I love bogwood and was planning a planted tank with lots of it in and recently put an extra piece in my 100 litre. Then did a water test and found my ph had dropped from the usual 7,down to 6!

I did some research and now know that not only does bogwood lower ph, my tank is completely the wrong set up for a kribensis! So now I am thinking of leaving the platties etc in the 100 litre (making it my lower ph softer water tank) and setting up my new 200 litre tank around the kribensis and his needs - sand, rocks etc.

I've been trying to research cichlid tanks but finding it really hard to find any info on which fish would be compatible with my kribensis. I don't really want to get a female to go in with him as then I'll be overrun with their offspring too. All I've managed to find out so far is that cichlids like lots of space, are aggressive, but can be overcrowded to minimise aggression, and that you shouldn't mix Africans with Americans.

My head is spinning and I don't feel I am getting any closer to working out how to stock my tank (I actually woke up at 3 am from a stressed dream of fishtanks!). I wouldn't mind setting up a purely cichlid tank, but am unsure which other cichlids would go with my krib. He is my favourite fish so I would like my new set up to start with him and what would live peacfully with him.

If kribensis don't mix well with other cichlids, then which other fish would be appropriate to put in with him? :-?


----------



## Mr Chromedome (Feb 12, 2013)

First, Kribs are primarily bottom sifters, and are a poor choice for fry control on livebearers IME. Second, the lower pH is perfect for the Krib, they prefer slightly acid conditions. Planted tank with Bog wood setup sounds perfect for Kribs. I suspect that you are reading tips for keeping "Africans", which is a mislabeling frequently made when the person actually means "Rift Lake" or "East African". Kribs are from small streams in West Africa, and most of the fish in that region live in very soft, low pH waters. Think jungle versus rocky lake.

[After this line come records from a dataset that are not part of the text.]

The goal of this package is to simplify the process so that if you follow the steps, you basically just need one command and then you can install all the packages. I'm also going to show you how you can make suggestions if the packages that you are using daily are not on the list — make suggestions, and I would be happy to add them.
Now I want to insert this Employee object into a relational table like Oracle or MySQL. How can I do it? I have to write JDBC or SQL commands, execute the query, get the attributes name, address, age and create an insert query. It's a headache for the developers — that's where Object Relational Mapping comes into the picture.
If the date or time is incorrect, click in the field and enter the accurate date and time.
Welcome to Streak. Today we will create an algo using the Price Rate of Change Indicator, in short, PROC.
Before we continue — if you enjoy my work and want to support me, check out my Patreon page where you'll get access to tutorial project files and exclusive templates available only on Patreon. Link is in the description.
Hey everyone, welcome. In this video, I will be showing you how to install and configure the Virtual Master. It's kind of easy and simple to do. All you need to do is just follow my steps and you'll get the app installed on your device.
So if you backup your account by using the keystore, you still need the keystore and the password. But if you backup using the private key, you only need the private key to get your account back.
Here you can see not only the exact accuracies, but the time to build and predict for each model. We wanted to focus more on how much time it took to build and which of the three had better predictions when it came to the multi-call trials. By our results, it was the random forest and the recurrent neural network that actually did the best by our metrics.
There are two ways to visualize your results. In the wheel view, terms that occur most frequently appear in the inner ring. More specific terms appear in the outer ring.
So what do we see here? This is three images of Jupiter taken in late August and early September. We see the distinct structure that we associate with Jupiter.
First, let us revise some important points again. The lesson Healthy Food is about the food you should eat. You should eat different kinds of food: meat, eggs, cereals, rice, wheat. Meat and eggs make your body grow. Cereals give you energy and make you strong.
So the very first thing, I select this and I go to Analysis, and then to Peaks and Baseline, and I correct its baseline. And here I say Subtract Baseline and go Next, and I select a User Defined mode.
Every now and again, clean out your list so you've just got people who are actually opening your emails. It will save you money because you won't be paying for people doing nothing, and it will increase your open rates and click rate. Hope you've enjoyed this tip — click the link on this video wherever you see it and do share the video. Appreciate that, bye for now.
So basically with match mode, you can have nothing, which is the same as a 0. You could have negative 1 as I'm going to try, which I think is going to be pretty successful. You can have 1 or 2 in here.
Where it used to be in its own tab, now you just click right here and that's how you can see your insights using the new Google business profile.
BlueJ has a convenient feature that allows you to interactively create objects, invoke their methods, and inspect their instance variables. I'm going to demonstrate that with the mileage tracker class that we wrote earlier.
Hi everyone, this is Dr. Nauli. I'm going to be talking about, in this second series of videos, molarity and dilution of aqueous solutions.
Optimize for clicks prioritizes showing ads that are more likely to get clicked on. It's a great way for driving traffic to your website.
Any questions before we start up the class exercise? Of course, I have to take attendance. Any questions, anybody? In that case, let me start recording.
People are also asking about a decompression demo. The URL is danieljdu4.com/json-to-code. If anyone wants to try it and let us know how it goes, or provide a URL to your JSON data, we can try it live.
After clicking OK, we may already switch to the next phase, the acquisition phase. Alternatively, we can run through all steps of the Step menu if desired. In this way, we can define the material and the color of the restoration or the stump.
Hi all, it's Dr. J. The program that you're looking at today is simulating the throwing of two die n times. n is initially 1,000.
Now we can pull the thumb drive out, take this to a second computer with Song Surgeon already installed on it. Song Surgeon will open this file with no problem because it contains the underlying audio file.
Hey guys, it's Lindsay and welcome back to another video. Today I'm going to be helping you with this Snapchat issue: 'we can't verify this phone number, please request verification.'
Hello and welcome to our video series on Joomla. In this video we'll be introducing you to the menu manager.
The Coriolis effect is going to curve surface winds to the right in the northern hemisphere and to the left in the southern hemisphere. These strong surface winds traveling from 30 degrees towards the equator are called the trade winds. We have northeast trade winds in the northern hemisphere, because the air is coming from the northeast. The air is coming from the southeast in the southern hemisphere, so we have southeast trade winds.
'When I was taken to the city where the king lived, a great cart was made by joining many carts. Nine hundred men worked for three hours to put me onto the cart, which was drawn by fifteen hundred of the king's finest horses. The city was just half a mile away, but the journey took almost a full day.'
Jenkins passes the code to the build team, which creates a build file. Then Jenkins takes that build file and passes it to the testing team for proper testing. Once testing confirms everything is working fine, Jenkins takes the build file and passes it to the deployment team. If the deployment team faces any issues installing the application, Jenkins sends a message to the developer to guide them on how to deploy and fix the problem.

Kribs have relatively mild temperaments as a single fish, pairs can be terrors when they breed. As far as compatible species, I can think of several, but most are a bit less common.


----------



## mooncat (Oct 16, 2013)

Thanks. That's a relief about the ph and bogwood being ok!

I've found a few potiential stocking ideas, but it has been difficult:

Upside-down catfish
Congo tetras
African butterfly fish

Would an African butterfly cichlid be compatible with the krib?

I was overrun with platy fry before I got him, but now only 1 or 2 make it past him. The rasboras also clean up a few too. He constantly chases the adults but hasn't damaged them. Not my preferred set up long term. I am currently rehoming the males and fry and just keeping the females.


----------



## oyster dog (Jul 2, 2013)

African butterfly fish like to hang at the surface, preferably among floating plants. They will be fine with your Kribs, but they are jumpers. You will need a cover to keep them from jumping out.


----------



## cumbrianewbie (Jul 25, 2013)

I look after our tank at work. The only Cichlid in there is one lonely Kribensis.

We have had literally hundreds of baby Bristlenose born in the last year and as far as I am aware he has not touched a single one of the fry. I have no idea what the water is like in that tank, but I suspect it is reasonably hard as it comes directly from a bore hole on site and our kettles fill with lime scale in no time at all !


----------